Just when you thought there can’t be a more extreme road-legal McLaren, the company announced it will present a bespoke Senna Carbon Theme, developed in cooperation with McLaren Special Operations (MSO), during the upcoming Geneva Motor Show next week. It is one of five themes to be developed by the division.
Naturally, as the name implies, the most striking feature of this special edition supercar is the complete body kit, made of carbon fiber. McLaren says it comprises of 67 parts and takes almost 1,000 hours to produce. The detailing in Solar Yellow alone accounted for roughly 250 hours of work.
The color combination, which includes black main hue with the aforementioned yellow detailing on the sill exteriors, rear wing, and front active aero blades, as well as Laurel Green brake calipers, is carried through the interior. The black Alcantara sports seats have contrasting yellow stitching, while the doors gas struts are in Laurel Green.
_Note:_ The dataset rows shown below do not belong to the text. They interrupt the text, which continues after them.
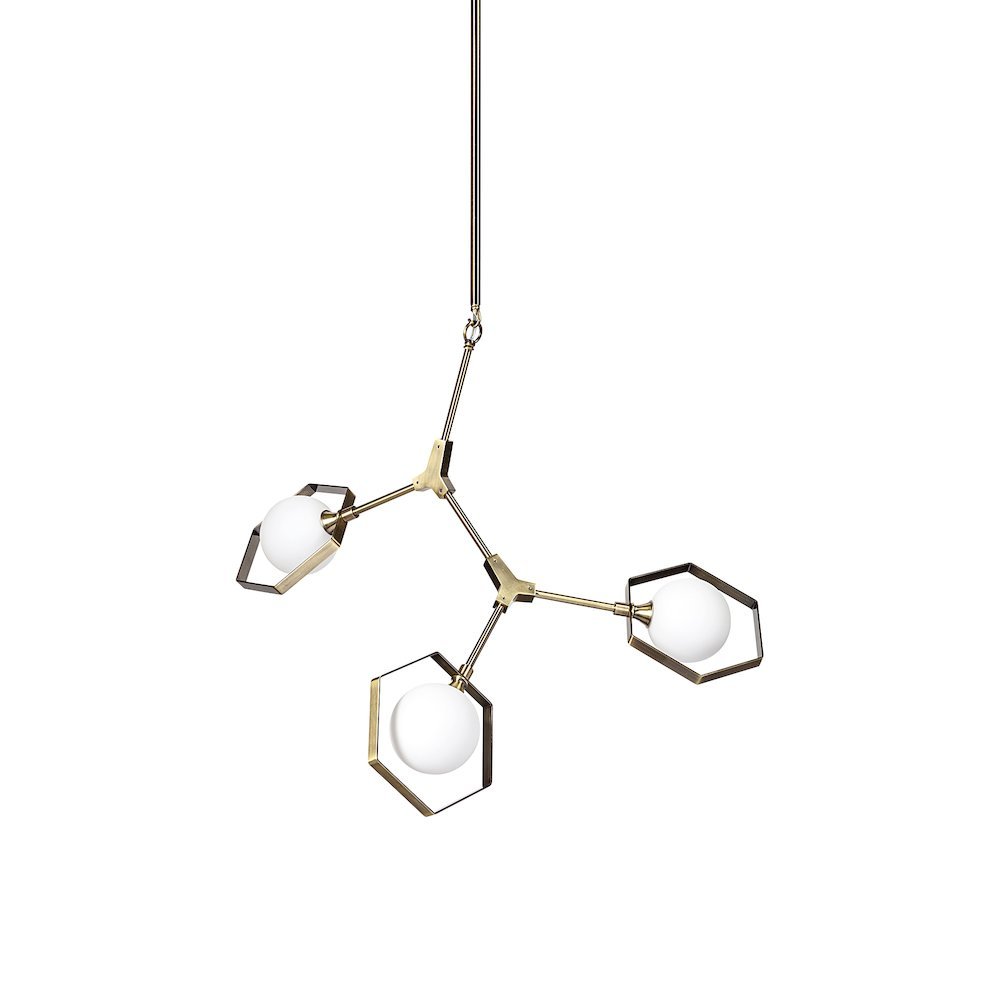 Champagne Metal Multi-Arm Three Light Chandelier. Picture 1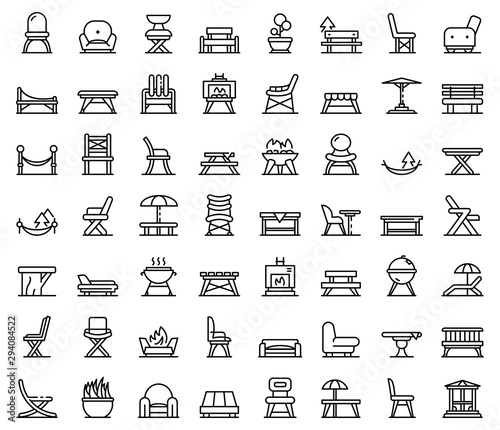Garden furniture icons set. Outline set of Garden furniture vector icons for web design isolated on white background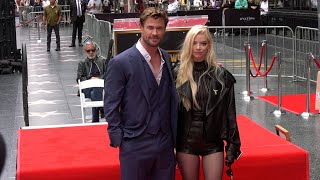 Chris Hemsworth at his Hollywood Walk of Fame star ceremony with Anya TaylorJoy [upl. by Ynes]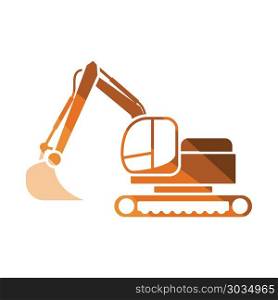 Icon of construction excavator. Icon of construction excavator. Flat color design. Vector illustration.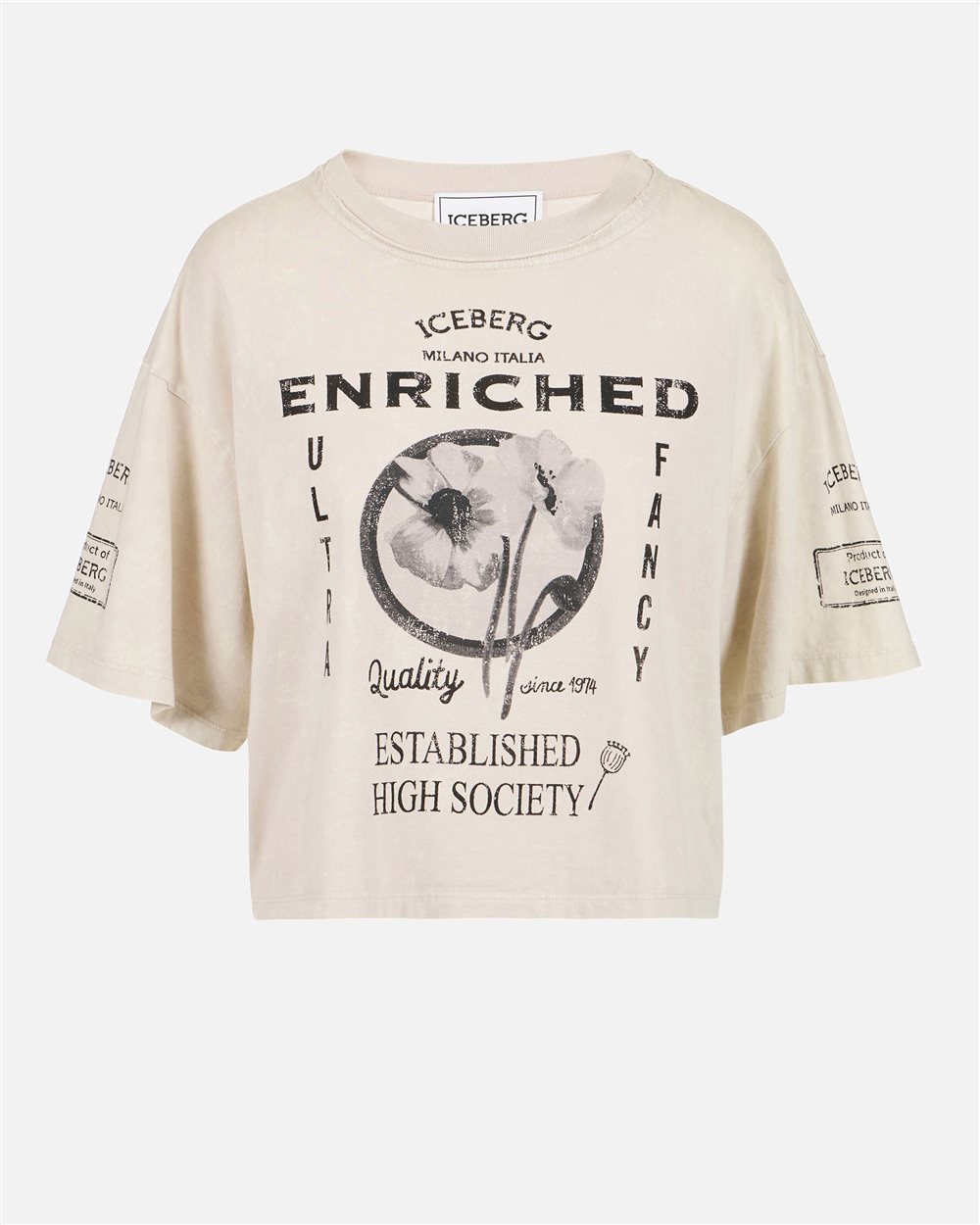 Cropped fit T-shirt with ecru and black pattern in garment-dyed jersey - Iceberg - Official Website
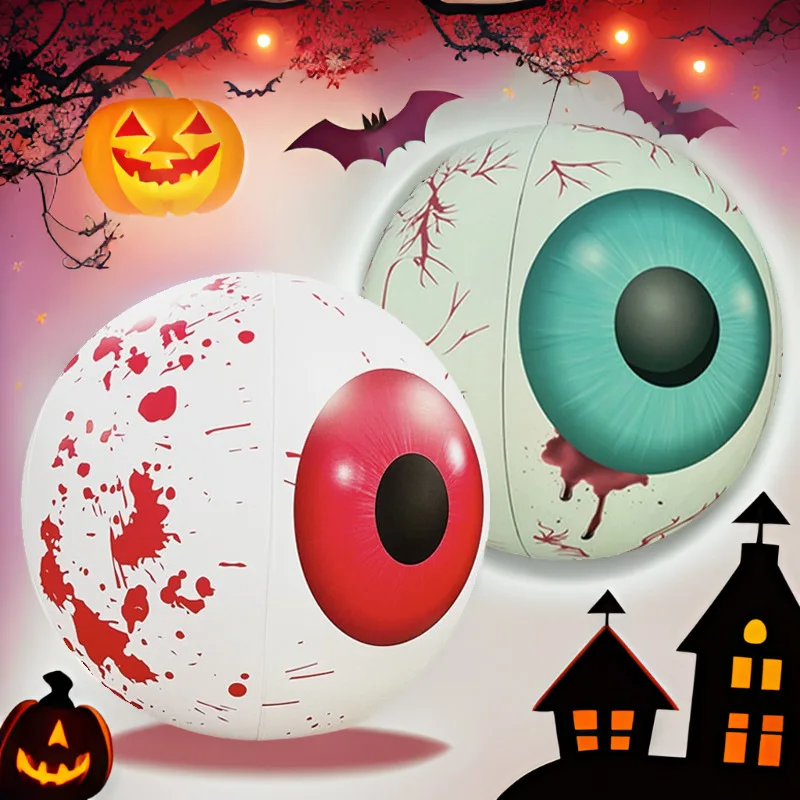 

Pvc Inflatable Led Glowing Ball Halloween Decoration Party Supplies Horror Bloodline Halloween Eye Pendant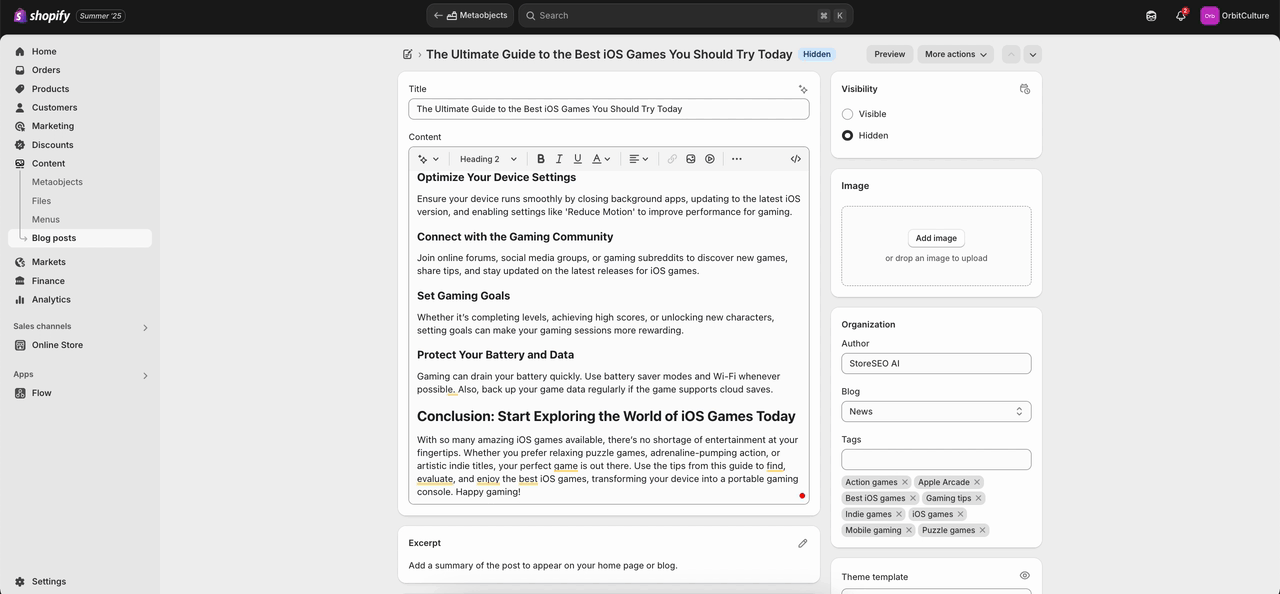 StoreSEO AI Blog Generator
The Senna Carbon Theme also introduces a new wheel option for the model. The new seven-spoke Hybrid Carbon Fiber Wheel, made by MSO, will be shown in Geneva. It’s a center-lock wheel, made of forged aluminum and carbon fibre, and weighs only 16.5 pounds (7.5 kilograms) without a tire fitted, about 10 percent lighter than the standard Senna wheels. This in turn reduces the rotating inertia by around 10-15 percent, improving acceleration, braking and steering responses.
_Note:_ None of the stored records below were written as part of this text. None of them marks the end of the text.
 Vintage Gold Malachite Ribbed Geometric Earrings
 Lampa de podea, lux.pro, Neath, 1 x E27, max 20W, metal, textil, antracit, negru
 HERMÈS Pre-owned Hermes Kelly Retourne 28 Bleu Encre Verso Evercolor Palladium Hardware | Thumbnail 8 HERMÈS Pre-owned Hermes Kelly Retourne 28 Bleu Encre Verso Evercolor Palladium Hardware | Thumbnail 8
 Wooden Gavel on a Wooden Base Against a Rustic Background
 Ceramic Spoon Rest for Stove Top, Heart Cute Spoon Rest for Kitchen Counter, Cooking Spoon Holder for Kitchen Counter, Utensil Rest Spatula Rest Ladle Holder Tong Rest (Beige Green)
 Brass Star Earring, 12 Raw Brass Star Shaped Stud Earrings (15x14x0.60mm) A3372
“The McLaren Senna Carbon Theme by MSO at the Geneva Motor Show is exactly the kind of project we thrive on delivering and once customers have had the opportunity to view it in person, I would not be at all surprised to see a rise in expressions of interest for MSO Visual Carbon Fiber cars similar to this one,” Ansar Ali, managing director at MSO, commented.
Power for the Senna Carbon Theme is provided by the same 4.0-liter biturbo V8 engine that is found under the hood of the “regular” Senna. Its 789 horsepower (588 kilowatts) and 590 pound-feet (800 Newton-meters) of torque propel the car from a standstill to 62 miles per hour (100 kilometers per hour) in 2.8 seconds.